Kara Kuvvetleri Komutanlığı 5. Kolordu Komutanlığı Askeri Mahkemesi, baktığı bir davada, 1632 sayılı Askeri Ceza Kanunu'nun söz konusu hükmünün iptali istemiyle Anayasa Mahkemesine başvurmuştu.
Yüksek Mahkeme, düzenlemenin iptal istemini reddetti.
Kararın Resmi Gazete'de yayımlanan gerekçesinde, kanun koyucunun düzenleme yetkisi kapsamında, statüleri kanunlarla oluşturulan ve buna göre mesleğe alınan kamu görevlilerine birtakım hak ve yükümlülükler getirebileceği belirtildi.
Askerliğin, disiplin ve fedakarlık temeline dayandığı anlatılan gerekçede, bu nedenle bu görevi ifa edenlerin güven, itibar ve saygınlığın gereği olarak katı meslek ilkelerine tabi tutulmalarının normal olduğu ifade edildi.
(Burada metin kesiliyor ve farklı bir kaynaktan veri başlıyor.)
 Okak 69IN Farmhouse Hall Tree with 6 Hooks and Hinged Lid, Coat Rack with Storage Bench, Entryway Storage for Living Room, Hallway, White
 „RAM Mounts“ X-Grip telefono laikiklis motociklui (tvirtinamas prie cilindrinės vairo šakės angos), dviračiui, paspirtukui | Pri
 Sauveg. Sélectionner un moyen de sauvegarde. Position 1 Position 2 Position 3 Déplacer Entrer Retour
Gerekçede, kişilerin askerlik mesleğini seçmekle artık sivillere getirilemeyecek bazı sınırlamaların askeri disiplinin tesisi için kendileri açısından uygulanmasını kabul etmiş oldukları değerlendirmesine yer verildi.
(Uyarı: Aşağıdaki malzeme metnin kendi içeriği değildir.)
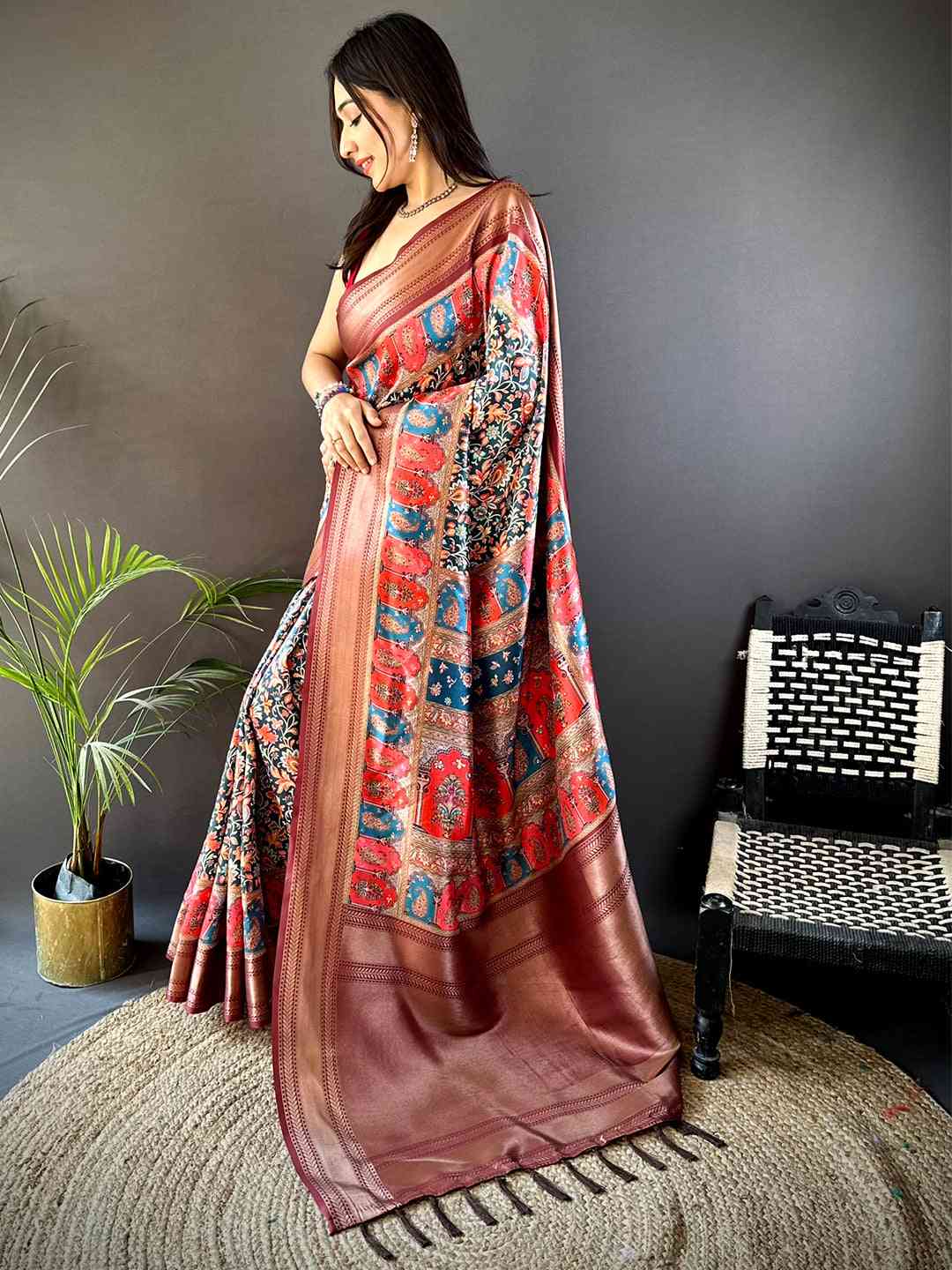 Brown Mughal Kalamkari Print Pashmina Saree by My Store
İtiraza konu kuralın hürriyeti bağlayıcı bir ceza değil disiplin temeline yönelik TSK'dan çıkarma cezası öngördüğüne işaret edilen gerekçede, şöyle denildi:
"Bunun dışında asker kişiler açısından suçun sübut bulması için yapılan uyarı ve ikazlara rağmen söz konusu fiilin işlenmesinde ısrar etme şartı da aranmaktadır. Ayrıca sadece asker kişilerle ilgili bir düzenleme olduğundan ve askerlik hizmetinin gereği gibi yürütülmesini sağlamayı amaçladığından demokratik toplum düzeniyle de çelişmemektedir. Dolayısıyla özel hayatın gizliliği hakkına keyfi ya da hakkın özüne dokunacak bir sınırlama getirmeyen, temel hakkın kullanımını ortadan kaldırmayan itiraz konusu kural, istisnai bir alanda ve dar kapsamlı olduğundan sınırlı ve ölçülüdür."
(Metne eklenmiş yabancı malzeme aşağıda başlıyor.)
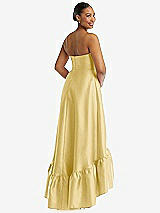 Rear View Thumbnail - Maize Strapless Deep Ruffle Hem Satin High Low Dress with Pockets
Özel hayatın korunmasını, istisnai bir alanda ve anayasal ilkelere uygun olarak asgari oranda sınırlandıran düzenlemenin birey haklarıyla kamu yararı arasında açık bir dengesizlik yarattığı da söylenemeyeceği belirtilen gerekçede, "Bu anlamda kural, askerlik hizmetinin gereği gibi yürütülmesini sağlamayı amaçladığından, sınırlamanın bu açıdan da ulaşılmak istenen amaçla orantılı olduğu açıktır" ifadesi kullanıldı.